**THE TASK:** Each line holding the string "Picture" is to be copied from the data.

[Stored records]
********************
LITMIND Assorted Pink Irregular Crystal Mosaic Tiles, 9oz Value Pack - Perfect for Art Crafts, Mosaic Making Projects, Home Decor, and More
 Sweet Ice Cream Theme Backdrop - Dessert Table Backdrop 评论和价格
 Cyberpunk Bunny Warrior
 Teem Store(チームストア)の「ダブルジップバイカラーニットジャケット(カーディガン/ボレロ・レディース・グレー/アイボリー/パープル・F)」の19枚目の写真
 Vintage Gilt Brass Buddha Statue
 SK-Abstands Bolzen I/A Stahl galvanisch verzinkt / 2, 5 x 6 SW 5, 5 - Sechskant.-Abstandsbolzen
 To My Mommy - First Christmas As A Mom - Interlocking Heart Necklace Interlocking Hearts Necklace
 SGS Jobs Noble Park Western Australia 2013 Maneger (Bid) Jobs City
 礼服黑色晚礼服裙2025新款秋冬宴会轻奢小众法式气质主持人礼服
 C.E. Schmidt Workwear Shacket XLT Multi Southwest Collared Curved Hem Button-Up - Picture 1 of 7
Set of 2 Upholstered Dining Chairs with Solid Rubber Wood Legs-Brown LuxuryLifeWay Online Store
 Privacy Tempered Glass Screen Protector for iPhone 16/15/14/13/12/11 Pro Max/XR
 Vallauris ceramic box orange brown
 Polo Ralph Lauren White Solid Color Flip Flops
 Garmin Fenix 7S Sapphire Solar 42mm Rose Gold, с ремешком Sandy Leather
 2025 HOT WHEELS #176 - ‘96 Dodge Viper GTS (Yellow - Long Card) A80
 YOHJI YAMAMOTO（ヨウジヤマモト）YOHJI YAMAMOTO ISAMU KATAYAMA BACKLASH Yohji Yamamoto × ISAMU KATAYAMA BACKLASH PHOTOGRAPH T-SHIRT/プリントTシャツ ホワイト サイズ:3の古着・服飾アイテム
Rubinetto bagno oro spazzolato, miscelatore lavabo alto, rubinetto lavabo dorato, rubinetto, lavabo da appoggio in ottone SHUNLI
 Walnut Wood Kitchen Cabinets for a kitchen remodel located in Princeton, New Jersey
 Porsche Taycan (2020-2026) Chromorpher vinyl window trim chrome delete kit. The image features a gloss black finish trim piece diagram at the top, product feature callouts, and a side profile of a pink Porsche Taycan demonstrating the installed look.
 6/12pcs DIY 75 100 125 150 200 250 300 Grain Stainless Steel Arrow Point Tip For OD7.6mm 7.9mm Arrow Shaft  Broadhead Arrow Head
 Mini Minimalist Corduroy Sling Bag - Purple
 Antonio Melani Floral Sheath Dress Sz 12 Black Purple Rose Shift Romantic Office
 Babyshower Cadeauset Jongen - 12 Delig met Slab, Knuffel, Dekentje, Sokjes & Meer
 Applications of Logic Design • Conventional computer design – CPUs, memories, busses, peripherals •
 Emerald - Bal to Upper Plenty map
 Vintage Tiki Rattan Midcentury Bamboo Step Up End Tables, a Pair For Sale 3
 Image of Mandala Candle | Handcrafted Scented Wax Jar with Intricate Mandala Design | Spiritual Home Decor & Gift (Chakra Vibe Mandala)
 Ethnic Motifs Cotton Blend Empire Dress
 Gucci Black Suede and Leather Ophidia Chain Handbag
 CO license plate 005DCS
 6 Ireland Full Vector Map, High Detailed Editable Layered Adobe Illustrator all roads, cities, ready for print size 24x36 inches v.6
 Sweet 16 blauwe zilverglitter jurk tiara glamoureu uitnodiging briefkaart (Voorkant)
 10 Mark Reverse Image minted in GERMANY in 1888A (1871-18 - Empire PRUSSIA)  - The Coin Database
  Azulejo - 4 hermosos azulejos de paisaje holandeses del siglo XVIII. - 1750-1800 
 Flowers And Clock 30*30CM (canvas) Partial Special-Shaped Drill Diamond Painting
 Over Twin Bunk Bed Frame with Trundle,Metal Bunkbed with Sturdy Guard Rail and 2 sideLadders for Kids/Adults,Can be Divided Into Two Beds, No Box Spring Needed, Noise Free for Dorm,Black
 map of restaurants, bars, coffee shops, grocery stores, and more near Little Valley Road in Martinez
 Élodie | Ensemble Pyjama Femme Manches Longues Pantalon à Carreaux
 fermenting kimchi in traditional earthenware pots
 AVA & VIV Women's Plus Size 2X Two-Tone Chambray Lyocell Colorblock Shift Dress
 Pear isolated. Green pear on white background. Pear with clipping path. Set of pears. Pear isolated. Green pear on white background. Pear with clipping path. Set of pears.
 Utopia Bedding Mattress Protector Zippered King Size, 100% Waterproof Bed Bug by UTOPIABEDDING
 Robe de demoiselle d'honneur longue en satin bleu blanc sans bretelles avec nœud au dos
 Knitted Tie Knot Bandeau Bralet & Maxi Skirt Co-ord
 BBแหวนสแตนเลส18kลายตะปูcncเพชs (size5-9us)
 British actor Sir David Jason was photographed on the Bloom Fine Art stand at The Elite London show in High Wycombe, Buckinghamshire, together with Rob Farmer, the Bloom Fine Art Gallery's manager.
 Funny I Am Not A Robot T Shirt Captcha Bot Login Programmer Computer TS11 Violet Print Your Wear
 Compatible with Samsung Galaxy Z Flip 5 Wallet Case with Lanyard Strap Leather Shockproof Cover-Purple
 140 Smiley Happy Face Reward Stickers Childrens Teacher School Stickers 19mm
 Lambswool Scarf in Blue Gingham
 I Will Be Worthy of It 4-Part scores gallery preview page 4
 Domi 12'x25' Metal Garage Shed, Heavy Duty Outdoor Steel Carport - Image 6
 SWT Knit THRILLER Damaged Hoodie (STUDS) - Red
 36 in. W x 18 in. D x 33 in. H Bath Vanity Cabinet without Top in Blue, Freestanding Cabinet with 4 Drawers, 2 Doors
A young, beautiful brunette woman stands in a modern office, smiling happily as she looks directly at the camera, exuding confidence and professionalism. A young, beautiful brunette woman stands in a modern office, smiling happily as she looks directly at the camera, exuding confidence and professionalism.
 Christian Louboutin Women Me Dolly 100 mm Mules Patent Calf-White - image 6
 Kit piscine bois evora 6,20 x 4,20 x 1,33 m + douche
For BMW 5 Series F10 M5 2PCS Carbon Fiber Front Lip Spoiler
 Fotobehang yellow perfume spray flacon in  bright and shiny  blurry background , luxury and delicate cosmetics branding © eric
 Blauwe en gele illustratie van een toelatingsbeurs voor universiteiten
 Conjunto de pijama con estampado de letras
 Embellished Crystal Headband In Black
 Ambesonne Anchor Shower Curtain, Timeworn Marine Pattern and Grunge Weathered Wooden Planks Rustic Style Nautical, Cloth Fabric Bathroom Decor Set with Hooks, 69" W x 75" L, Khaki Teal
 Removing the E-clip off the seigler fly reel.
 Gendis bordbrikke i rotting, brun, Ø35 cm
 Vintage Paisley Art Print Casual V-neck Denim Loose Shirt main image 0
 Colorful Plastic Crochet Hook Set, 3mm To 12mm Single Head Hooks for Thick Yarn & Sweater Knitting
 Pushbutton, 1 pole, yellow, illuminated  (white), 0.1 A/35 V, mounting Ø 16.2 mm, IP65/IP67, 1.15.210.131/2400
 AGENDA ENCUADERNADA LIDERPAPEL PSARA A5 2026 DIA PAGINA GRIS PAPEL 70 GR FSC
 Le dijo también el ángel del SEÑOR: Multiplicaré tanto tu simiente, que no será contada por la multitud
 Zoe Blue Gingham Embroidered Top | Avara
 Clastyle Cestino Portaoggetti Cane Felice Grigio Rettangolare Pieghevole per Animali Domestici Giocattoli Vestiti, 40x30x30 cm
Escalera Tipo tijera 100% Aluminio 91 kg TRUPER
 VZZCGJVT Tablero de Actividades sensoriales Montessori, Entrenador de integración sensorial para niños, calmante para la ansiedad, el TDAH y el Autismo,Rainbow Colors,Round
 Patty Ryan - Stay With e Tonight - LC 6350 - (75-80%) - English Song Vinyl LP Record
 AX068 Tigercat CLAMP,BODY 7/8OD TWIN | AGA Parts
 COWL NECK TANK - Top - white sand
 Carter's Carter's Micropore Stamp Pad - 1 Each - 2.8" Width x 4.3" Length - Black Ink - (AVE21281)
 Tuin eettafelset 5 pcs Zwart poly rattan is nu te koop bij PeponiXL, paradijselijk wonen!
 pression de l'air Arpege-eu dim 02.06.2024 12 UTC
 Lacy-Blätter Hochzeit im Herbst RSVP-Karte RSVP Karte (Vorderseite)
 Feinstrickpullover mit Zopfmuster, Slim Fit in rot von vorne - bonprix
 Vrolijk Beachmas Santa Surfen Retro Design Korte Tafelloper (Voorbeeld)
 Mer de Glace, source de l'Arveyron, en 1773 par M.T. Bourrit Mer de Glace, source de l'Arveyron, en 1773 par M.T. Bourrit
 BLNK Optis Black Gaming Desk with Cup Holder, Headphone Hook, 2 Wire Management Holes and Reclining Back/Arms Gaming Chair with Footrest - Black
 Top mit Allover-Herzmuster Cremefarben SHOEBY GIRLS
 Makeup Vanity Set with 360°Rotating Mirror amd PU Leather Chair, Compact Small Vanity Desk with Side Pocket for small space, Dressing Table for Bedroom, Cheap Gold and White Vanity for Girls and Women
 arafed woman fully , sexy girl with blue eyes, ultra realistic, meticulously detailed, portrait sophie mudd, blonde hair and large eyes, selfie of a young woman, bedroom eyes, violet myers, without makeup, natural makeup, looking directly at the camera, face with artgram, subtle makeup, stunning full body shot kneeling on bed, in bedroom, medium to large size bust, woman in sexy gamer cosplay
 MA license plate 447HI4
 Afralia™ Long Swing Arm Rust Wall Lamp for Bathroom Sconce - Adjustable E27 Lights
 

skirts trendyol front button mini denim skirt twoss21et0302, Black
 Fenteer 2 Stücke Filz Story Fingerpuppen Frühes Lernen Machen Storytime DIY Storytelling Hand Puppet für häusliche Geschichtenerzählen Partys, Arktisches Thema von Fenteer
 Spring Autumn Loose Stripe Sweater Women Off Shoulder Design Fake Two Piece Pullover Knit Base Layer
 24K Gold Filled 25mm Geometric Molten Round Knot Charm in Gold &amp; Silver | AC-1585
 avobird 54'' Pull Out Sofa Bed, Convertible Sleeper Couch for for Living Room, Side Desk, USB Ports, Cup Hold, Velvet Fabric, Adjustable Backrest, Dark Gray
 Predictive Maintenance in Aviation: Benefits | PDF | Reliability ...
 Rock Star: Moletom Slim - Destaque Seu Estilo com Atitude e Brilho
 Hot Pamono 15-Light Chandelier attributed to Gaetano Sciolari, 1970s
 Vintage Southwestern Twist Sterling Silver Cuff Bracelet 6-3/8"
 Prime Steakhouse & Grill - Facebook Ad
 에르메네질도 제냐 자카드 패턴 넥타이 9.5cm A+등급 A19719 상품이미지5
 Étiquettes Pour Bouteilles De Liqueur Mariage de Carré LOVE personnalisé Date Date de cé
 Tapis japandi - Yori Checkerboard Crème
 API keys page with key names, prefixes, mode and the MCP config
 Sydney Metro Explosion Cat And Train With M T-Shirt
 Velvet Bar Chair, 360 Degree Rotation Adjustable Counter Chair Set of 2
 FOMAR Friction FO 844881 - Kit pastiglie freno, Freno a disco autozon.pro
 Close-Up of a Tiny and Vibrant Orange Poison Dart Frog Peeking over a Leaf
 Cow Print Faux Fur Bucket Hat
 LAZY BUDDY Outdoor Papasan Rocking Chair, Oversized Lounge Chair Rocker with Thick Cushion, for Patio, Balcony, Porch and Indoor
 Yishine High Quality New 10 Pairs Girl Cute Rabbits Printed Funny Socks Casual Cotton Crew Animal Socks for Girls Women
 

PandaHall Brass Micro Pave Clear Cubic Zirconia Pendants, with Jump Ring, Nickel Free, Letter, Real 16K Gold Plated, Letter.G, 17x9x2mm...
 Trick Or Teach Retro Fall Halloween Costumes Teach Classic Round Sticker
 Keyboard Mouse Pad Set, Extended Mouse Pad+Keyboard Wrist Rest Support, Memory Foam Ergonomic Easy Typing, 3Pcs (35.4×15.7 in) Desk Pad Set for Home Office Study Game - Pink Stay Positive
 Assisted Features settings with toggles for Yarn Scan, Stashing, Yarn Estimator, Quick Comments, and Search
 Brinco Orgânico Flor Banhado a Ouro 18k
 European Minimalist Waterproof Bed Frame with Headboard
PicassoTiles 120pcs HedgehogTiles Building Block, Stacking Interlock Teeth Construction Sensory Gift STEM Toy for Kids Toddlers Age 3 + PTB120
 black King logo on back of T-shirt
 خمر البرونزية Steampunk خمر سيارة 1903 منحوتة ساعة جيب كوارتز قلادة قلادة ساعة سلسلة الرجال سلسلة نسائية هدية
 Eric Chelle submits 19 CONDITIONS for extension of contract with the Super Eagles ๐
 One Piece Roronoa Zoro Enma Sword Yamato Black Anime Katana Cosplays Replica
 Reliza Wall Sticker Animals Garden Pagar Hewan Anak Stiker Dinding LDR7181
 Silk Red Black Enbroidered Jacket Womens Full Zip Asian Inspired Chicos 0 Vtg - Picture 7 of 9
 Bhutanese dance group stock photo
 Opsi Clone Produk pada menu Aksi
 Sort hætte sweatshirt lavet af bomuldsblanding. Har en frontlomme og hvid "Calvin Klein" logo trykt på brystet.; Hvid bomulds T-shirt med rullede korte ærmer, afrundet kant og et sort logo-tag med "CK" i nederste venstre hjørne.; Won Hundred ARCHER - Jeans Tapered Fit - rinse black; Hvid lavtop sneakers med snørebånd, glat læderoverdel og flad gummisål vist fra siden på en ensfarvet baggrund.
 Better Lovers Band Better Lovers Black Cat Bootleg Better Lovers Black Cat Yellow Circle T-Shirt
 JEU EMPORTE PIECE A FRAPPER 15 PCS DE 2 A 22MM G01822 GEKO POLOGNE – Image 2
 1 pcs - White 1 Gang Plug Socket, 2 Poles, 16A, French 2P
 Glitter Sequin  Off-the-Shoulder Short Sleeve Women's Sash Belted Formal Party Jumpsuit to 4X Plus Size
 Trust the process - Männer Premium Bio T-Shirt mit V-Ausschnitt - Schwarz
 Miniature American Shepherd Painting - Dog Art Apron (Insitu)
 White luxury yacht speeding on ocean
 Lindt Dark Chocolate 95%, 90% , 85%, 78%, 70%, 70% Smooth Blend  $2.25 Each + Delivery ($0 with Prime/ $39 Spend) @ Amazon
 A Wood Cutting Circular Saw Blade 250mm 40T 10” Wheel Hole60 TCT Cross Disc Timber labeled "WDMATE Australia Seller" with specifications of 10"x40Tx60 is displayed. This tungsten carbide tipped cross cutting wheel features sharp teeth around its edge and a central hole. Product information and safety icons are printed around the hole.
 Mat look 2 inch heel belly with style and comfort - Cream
********************
**REPLY:**
 C.E. Schmidt Workwear Shacket XLT Multi Southwest Collared Curved Hem Button-Up - Picture 1 of 7
 Silk Red Black Enbroidered Jacket Womens Full Zip Asian Inspired Chicos 0 Vtg - Picture 7 of 9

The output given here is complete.